Example: A Canadian timber supplier sells timber to a customer in Spain. The timber is delivered alongside the ship at the harbour in Vancouver. The Spanish buyer assumes the costs and risks of transport from this point onwards.
FOB (Free On Board)
The seller loads the goods onto the ship named by the buyer at the port of shipment. The risk is transferred to the buyer as soon as the goods are on board the ship.
Example: A Brazilian coffee supplier sells a large quantity of coffee to a trader in the USA. The coffee is loaded onto the ship designated by the US trader in the port of Santos. From this point onwards, the trader assumes all risks and costs.
CFR (Cost and Freight)
The seller bears the costs and freight to the port of destination. However, the risk is transferred to the buyer as soon as the goods are on board the ship.
Example: An Indian textile manufacturer sells fabrics to a buyer in the UK. The manufacturer pays the transport costs to the port of Liverpool. However, the risk for the goods is transferred to the British buyer at the port of Mumbai.
CIF (Cost, Insurance and Freight)
As CFR, but with the additional obligation of the seller to take out insurance. The seller bears the costs, freight and insurance up to the port of destination.
Example: A Japanese car manufacturer sells cars to a dealer in South Africa. The car manufacturer pays the transport and insurance costs to the port of Cape Town. However, the risk is transferred to the buyer as soon as the cars are on board the ship, but the seller provides insurance against possible damage.
How are the Incoterms used and what do they not cover?

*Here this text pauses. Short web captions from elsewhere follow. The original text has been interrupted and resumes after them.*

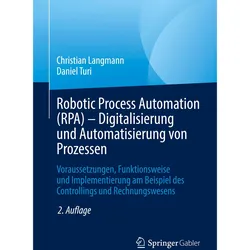 Robotic Process Automation (RPA) - Digitalisierung und Automatisierung von Prozessen, Fachbücher von Daniel Turi, Christian Langmann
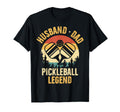 Funny Husband Dad Pickleball Legend T-Shirt - Streetwear Style Unisex - T-Shirt, Sweatshirt, Hoodie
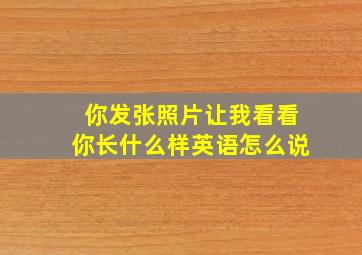 你发张照片让我看看你长什么样英语怎么说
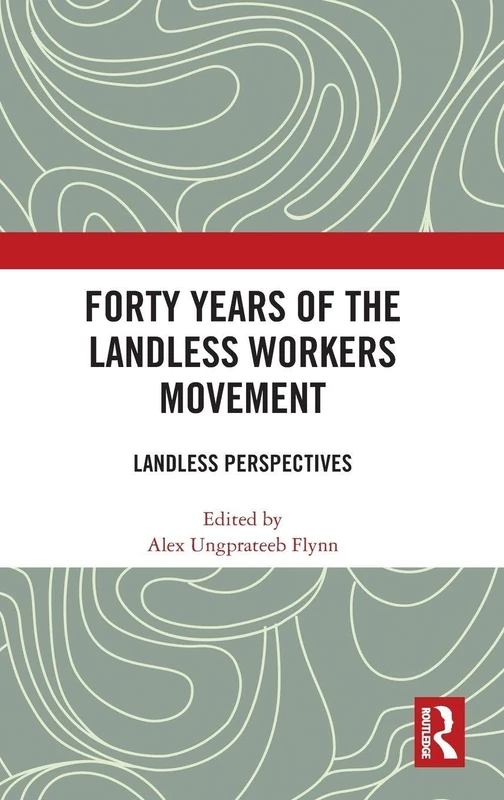 Routledge - Forty Years of the Landless Workers Movement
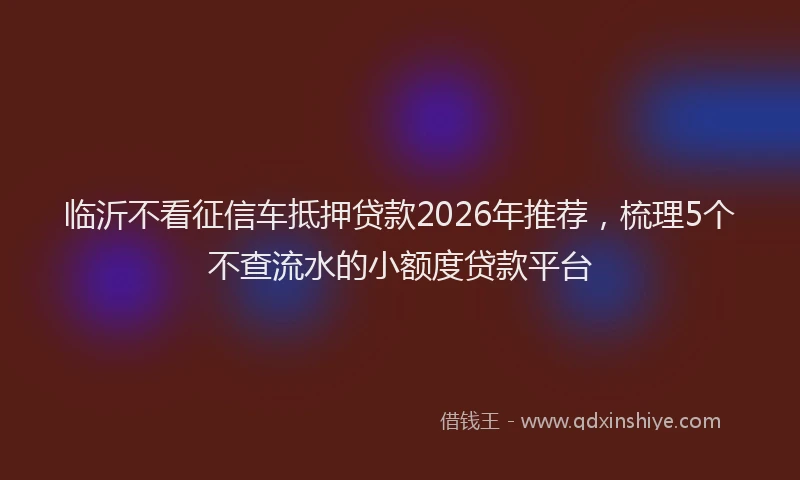 临沂不看征信车抵押贷款2026年推荐，梳理5个不查流水的小额度贷款平台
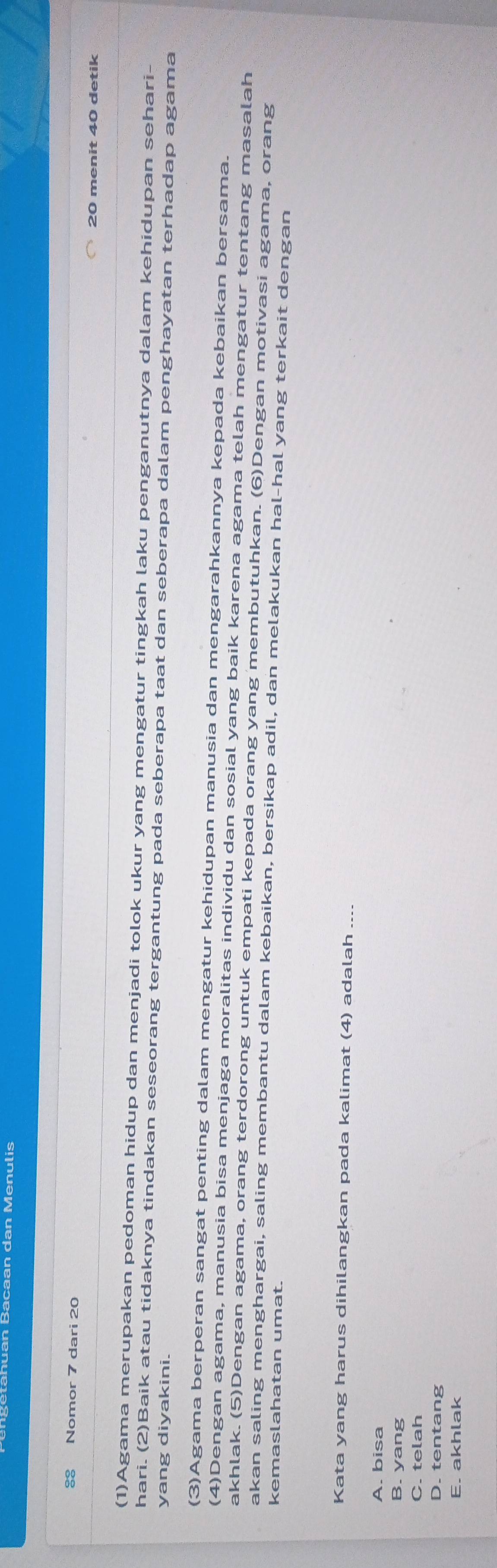 Bacaan dan Menulis
38 Nomor 7 dari 20
20 menit 40 detik
(1)Agama merupakan pedoman hidup dan menjadi tolok ukur yang mengatur tingkah laku penganutnya dalam kehidupan sehari-
hari. (2)Baik atau tidaknya tindakan seseorang tergantung pada seberapa taat dan seberapa dalam penghayatan terhadap agama
yang diyakini.
(3)Agama berperan sangat penting dalam mengatur kehidupan manusia dan mengarahkannya kepada kebaikan bersama.
(4)Dengan agama, manusia bisa menjaga moralitas individu dan sosial yang baik karena agama telah mengatur tentang masalah
akhlak. (5)Dengan agama, orang terdorong untuk empati kepada orang yang membutuhkan. (6)Dengan motivasi agama, orang
akan saling menghargai, saling membantu dalam kebaikan, bersikap adil, dan melakukan hal-hal yang terkait dengan
kemaslahatan umat.
Kata yang harus dihilangkan pada kalimat (4) adalah_
A. bisa
B. yang
C. telah
D. tentang
E. akhlak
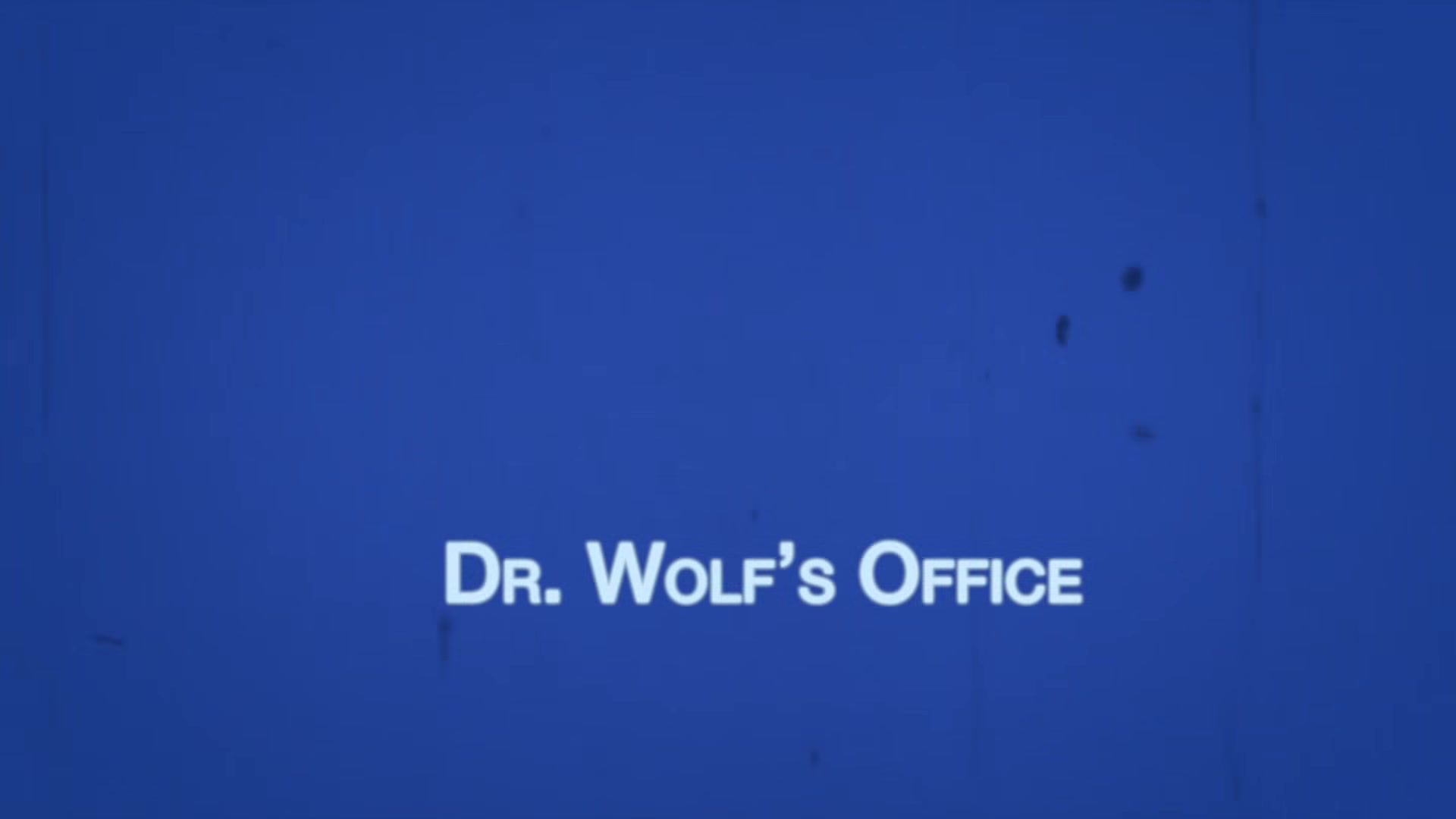Noah Chapter 2 - Dr. Wolf's Office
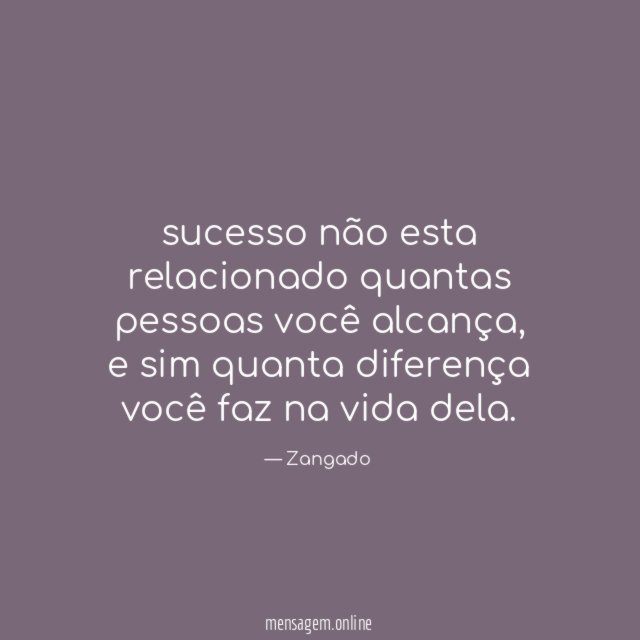 sucesso não esta relacionado quantas pessoas você alcança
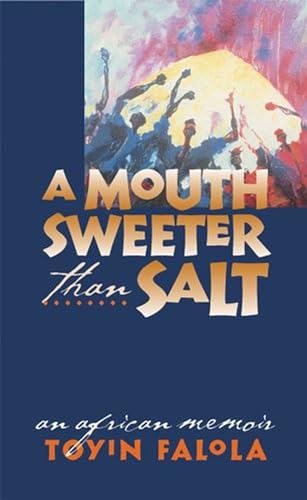 9780472031320: A Mouth Sweeter Than Salt: An African Memoir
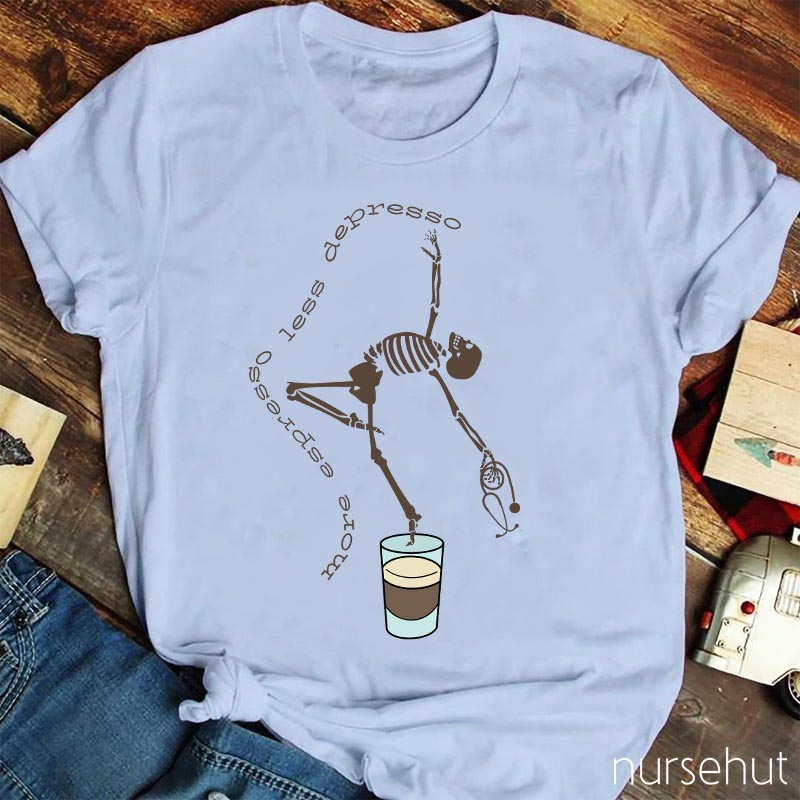 More Expresso Less Depresso Coffee Skeleton Nurse T-Shirt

International trade is a complicated web of regulations, responsibilities and agreements. One of the keys to simplifying this complexity are the Incoterms. These standardised contractual clauses play a crucial role in defining the obligations of buyers and sellers in global trade. They provide clear guidelines that reduce misunderstandings and make trade more efficient.
Basically, Incoterms determine who takes care of the following points:
- Goods documents: Who is responsible for obtaining the required goods documents? Who bears the costs for these documents?
- Transport documents: Who must obtain the required transport documents? Who bears the costs of preparing these documents?
- Insurance: Who is responsible for insuring the goods during the various stages of transport? Who bears the insurance costs?
- Information: Who is responsible for providing the trading partners with what information and when?
- Goods inspection: Who carries out the inspection of the goods? Who bears the costs for this inspection?
- Packaging: How should the goods be packaged? Who bears the costs for the packaging process and the packaging materials?
The following is NOT explicitly regulated by Incoterms and should therefore always be defined separately in the contract:
- Terms of payment: Who determines the terms of payment and where is the place of jurisdiction determined in the event of legal disputes?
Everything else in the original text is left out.